Los tres se hallaban sentados en la habitación confortable pero no suntuosa que el etnarca de Rodas les había cedido como despacho, aparte de los aposentos donde se relajaban y dormían. La ventana daba al bullicioso puerto de aquella importante encrucijada de la ruta comercial que unía el mar Egeo con Chipre, Cilicia y Siria; una atractiva e interesante vista, entre el enjambre de barcos, el intenso azul del mar y las altas montañas de Libia al otro lado del estrecho, pero ninguno de ellos le prestaba atención.
César rompió el sello de otro comunicado, le echó una ojeada y dejó escapar un gruñido.
– De Chipre-dijo antes de que sus compañeros pudieran reanudar el trabajo-. Según el joven Claudio, Pompeyo Magno ha partido hacia Egipto.
– Habría jurado que se reuniría con el primo Hirro en la corte del rey de Partia. ¿Qué hay que recoger en Egipto? -preguntó Calvino.
– Agua y provisiones. Al paso de caracol que avanza, antes de que salga con rumbo a Alejandría soplarán ya los vientos etesios. Magno va a reunirse con los demás fugitivos en la provincia de África, imagino -declaró César con cierta tristeza.
– Así que no ha terminado -dijo Bruto con un suspiro.

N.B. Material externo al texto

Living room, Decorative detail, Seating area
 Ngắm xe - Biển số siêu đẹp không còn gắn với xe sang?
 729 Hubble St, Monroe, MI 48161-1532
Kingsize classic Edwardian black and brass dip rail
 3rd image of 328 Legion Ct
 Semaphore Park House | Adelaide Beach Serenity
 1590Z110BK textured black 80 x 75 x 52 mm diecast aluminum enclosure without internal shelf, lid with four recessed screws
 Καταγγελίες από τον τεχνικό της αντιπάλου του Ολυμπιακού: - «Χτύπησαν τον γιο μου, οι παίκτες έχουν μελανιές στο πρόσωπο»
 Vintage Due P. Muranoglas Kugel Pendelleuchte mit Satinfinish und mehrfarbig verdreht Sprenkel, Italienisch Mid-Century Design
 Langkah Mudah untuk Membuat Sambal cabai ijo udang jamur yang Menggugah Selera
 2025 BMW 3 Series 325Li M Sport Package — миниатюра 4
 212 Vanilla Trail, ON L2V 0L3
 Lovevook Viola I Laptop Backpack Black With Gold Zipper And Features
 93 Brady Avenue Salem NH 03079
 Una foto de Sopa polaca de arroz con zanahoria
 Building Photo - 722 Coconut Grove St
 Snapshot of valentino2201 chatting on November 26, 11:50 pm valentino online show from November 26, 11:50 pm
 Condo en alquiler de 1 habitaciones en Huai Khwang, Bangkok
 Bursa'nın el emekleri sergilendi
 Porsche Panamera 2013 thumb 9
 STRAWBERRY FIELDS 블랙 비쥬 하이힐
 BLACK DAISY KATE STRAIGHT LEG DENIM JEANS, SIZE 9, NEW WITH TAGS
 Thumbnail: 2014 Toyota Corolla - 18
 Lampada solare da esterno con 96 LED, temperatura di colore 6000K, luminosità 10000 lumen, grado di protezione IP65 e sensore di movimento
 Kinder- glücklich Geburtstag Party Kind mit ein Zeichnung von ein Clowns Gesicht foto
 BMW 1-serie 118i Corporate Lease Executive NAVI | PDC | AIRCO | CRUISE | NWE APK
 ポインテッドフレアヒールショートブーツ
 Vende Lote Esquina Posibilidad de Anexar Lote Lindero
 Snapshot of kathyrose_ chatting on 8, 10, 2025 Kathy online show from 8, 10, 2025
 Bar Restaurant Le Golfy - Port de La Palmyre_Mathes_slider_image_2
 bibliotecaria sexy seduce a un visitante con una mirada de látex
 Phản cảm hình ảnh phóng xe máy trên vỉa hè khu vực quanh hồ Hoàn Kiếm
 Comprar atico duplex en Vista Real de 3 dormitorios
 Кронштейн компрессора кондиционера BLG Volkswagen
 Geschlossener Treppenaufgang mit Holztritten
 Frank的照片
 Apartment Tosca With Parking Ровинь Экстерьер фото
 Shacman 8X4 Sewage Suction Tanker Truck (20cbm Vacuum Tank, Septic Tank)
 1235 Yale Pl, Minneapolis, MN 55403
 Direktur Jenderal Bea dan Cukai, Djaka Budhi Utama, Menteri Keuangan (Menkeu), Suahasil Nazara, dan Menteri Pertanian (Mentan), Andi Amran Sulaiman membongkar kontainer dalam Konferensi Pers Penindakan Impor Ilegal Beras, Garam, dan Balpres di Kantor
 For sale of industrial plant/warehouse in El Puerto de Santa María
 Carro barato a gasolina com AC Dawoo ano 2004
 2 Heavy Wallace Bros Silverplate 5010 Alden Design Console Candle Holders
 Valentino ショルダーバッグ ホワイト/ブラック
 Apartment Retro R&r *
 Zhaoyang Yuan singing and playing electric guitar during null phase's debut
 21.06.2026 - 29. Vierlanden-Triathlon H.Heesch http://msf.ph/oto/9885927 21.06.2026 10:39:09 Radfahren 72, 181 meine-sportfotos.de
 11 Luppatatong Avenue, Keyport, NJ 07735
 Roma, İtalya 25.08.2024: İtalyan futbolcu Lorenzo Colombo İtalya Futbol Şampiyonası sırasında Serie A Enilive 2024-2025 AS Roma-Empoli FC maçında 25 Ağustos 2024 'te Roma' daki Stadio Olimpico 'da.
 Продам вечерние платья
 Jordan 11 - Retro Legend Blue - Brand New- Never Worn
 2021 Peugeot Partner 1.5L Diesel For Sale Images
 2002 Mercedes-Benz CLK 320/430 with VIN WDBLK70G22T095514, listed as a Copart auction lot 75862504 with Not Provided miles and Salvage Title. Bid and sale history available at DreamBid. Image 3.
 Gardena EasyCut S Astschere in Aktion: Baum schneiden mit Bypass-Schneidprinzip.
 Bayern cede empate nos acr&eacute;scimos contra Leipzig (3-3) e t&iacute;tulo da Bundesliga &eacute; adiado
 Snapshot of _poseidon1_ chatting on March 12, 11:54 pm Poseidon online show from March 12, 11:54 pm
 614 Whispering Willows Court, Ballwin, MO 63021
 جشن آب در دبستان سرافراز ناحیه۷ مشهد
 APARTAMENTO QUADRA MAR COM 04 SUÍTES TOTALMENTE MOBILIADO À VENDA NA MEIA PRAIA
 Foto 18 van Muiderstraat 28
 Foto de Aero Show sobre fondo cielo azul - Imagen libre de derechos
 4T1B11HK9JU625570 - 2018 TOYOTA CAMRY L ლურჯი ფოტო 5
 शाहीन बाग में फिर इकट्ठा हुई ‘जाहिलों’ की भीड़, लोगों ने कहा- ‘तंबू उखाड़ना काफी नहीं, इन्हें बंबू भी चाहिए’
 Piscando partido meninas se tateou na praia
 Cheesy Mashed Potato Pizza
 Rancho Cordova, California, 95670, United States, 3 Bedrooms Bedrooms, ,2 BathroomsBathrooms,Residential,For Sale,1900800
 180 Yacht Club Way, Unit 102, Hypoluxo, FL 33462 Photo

César contestó chasqueando los dedos.
– Puede terminar en cuanto Magno y su Senado acudan a mí y me digan que puedo aspirar al consulado in absentia, mi querido Bruto
– Bah, eso es demasiado sentido común para hombres del talante de Catón -afirmó Calvino al ver que Bruto no contestaba- Mientras Catón viva, no llegarás a ningún acuerdo con Magno o su Senado.
– Soy consciente de eso.
César había cruzado el Helesponto para llegar a la provincia de Asia hacía tres nundinae con el objetivo de descender por el litoral egeo e inspeccionar los estragos causados por los republicanos en su desesperado esfuerzo por reunir flotas y dinero. Se había despojado a los templos de sus tesoros más preciosos. Se habían saqueado las cámaras acorazadas de los bancos, se había llevado a la bancarrota a los plutócratas y los publicani; gobernador de Siria más que de la provincia de Asia, Metelo Escipión había permanecido allí en su viaje desde Siria para reunirse con Pompeyo en Tesalia e ilegalmente había impuesto tributos sobre todo aquello que se le había ocurrido: las ventanas, las columnas, las puertas, los esclavos, el censo por cabezas, el grano, el ganado, las armas, la artillería y la compraventa de tierras. Al ver que el rendimiento no era suficiente, instituyó y recaudó impuestos provisionales para los diez años venideros, y ante las protestas de algunos lugareños, los ejecutó.
Aunque los informes que llevaron a Roma trataban más sobre la evidencia de la divinidad de César que sobre tales asuntos, de hecho el avance de César era a la vez una misión para recabar información y el inicio de la ayuda económica a una provincia incapacitada para prosperar. Así que habló con las autoridades municipales y comerciales, despidió a los publicani, condonó los tributos de toda clase por cinco años, dictó órdenes para que los tesoros encontrados en diversos almacenes de Farsalia fueran devueltos a los templos de donde habían salido, y prometió que tan pronto como se hubiera establecido un buen gobierno en Roma, adoptaría medidas más específicas para auxiliar a la pobre provincia de Asia.
Razón por la cual, pensó Cneo Domitio Calvino observando a César mientras leía los papeles dispersos sobre su mesa allí en Rodas, la provincia de Asia tiende a verlo como a un dios. El último hombre que había comprendido el funcionamiento de la economía y a la vez había tenido trato con Asia había sido Sila, cuyo justo sistema impositivo fue abolido quince años después ni más ni menos que por Pompeyo Magno. Quizá, reflexionó Calvino, sea necesario un anciano patricio para apreciar las obligaciones de Roma con sus provincias. Los demás no tenemos los pies tan firmemente anclados en el pasado, así que tendemos a vivir en el presente más que a pensar en el futuro.